Plasma 6 has come into its own over the last two releases. The wrinkles that always come with a major migration have been ironed out, and it’s time to start delivering on the promises of the new Qt 6 and Wayland technology platforms that Plasma is built on top of.

Plasma 6.2 includes a smorgasbord of new features for users of drawing tablets. It implements more complete support for the Wayland color management protocol, and enables it by default. There is also improved brightness handling for HDR and ICC profiles, as well as HDR performance. A new tone mapping feature built into Plasma’s KWin compositor will help improve the look of images with a brightness or set of colors greater than what the screen can display, thus reducing the “blown out” look such images can otherwise exhibit.
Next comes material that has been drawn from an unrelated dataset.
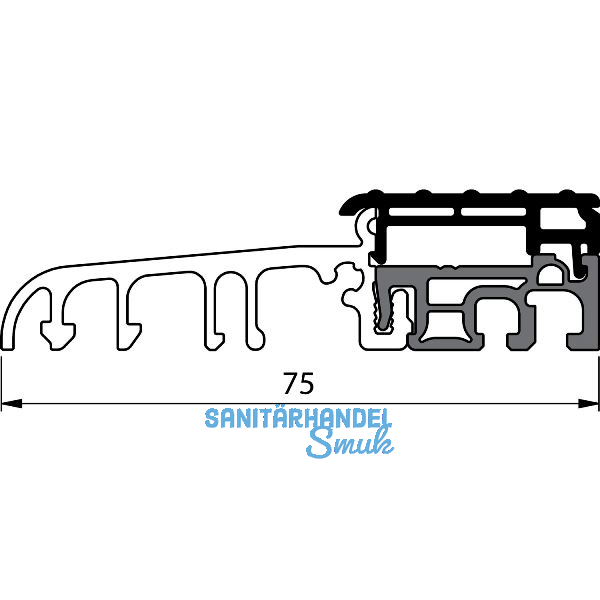 Balkont�rschwelle EIFEL TB-75, 6000 mm, silber eloxiert/schwarz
When it comes to power management You can now override misbehaving applications that block the system from going to sleep or locking the screen (and thus prevent saving power), and you can also adjust the brightness of each connected monitor machine separately.

Plasma’s built-in app store and software management tool, Discover, now supports PostmarketOS packages for your mobile devices, helps you write better reviews of apps, and presents apps’ license information more accurately.

In Plasma 6.2, KDE have overhauled System Settings’ Accessibility page and added colorblindness filters. They've also added support for the full “sticky keys” feature on Wayland.

This and more in full anounncement and changelog.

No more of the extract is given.